Source: https://youtu.be/l8W19r5m_GU?t=2605

At 43:24 in the above live stream of the SpaceX CRS-19 Launch, something slides around the engine. Someone remarked that this looked a bit like a mouse, and some of the more imaginative conspiracy theorists took this to be evidence that the footage was faked.
The video is shot from two sides, alternating between viewpoints, which makes it difficult to follow exactly what is going on. But it's much clearer if we take just the shots from the "mouse" side, zoom in, and speed them up 10x.

Source: https://www.youtube.com/watch?v=tnbSMjFebPk

A real time version of this is here.

Here we see the "mouse" build up at the top, then break free and slide around. It's followed by a bunch more of what looks like slushy ice (possibly actual ice - or some other byproduct of the jet engine that built up around that point, maybe from what is venting near the top of the image). This slides around and looks like it maybe melts a bit.

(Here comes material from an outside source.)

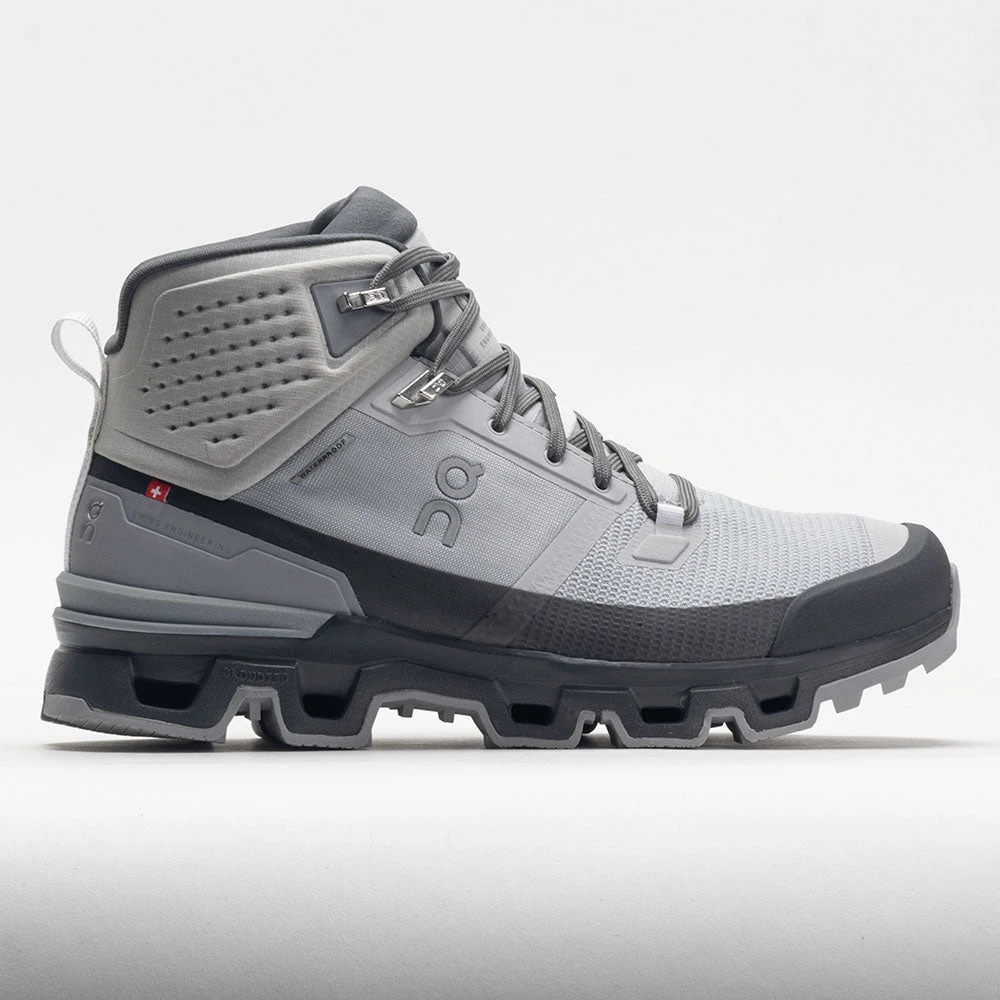 On Running On Cloudrock 2 Waterproof Women's Glacier/Eclipse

So, a fascinating display of space physics. But not a mouse.

[Update Jan 18 2020]

It's not ice, it's actually solid oxygen. The white jet at the top is venting liquid oxygen, which is what causes the build-up of solid oxygen.

People why the oxygen does not just boil off into space. The answer is that some of it does, and what's left freezes. The principle is called "Vacuum freezing". Below the triple point of oxygen (or water, etc), it can only exist only as a solid and gas. A vacuum is obviously below the triple point in terms of pressure. So in the vented liquid oxygen the high energy molecules rapid boil away, cooling down the remaining liquid, which will solidify. Putting liquid oxygen into a vacuum is actually HOW YOU MAKE solid oxygen. Here's a demonstration with oxygen:
Source: https://www.youtube.com/watch?v=6RRLBD1bB3E

And similar with water:
Source: https://www.youtube.com/watch?v=Ti9C_cLSR0A
Last edited:


You can see the ice start forming on the camera that's on the opposite side of the "mouse shot" at 41:12, just after the second stage ignites. By about 41:36 the ice has grown significantly in size. Around 42 minutes you can see it start separating from the vents and moving around the engine nozzle. At 42:10 when the camera switches to the opposite side again you can see the ice that had built up is no longer there; it has already separated and begun sliding around the nozzle. It may also be helpful to point out that this isn't unique to this launch; you can see ice separating from vents on the second stage in just about any given SpaceX launch. You can also see ice sliding around the top of the turbopump exhaust wraparound of the nozzle at around 19:28 in this video from CRS-16 launch. It's smaller and more spread out, but it's there:
Source: https://www.youtube.com/watch?v=Esh1jHT9oTA

Larger chunks are visible at 23:51 in this video from the CRS-14 launch:
Source: https://www.youtube.com/watch?v=BPQHG-LevZM

These are just a couple daytime launches I checked at random, one other I checked focused on the first stage recovery at LZ-1 rather than the second stage video so it was not visible.
I am truly left wondering how anyone, even someone who otherwise believes NASA and SpaceX are "faking space" could consider this to be even remotely reasonable. What exactly is the scenario here? Some little mouse snuck onto the hypothetical "fake rocket" stage and proceeded to walk around on the engine? Meanwhile, the hypothetical CGI guys are at once good enough to put together a video of a rocket orbiting the Earth, but are also so blindingly incompetent as to leave a literal mouse in frame.

How does one even debunk people who are willing to make, frankly, insane claims?
You can't... Because then you just become a "Schill" and are now part of the problem.
Sometimes the best you can do is just put accurate information out there for the people on the fence to see and/or to demonstrate just how off-base the original claimants are.
I tend to view things from an evolutionary perspective. I think our ancient brains can easily make a small moving thing into an animal, and thus a potential meal. Our brains are pattern matching machines.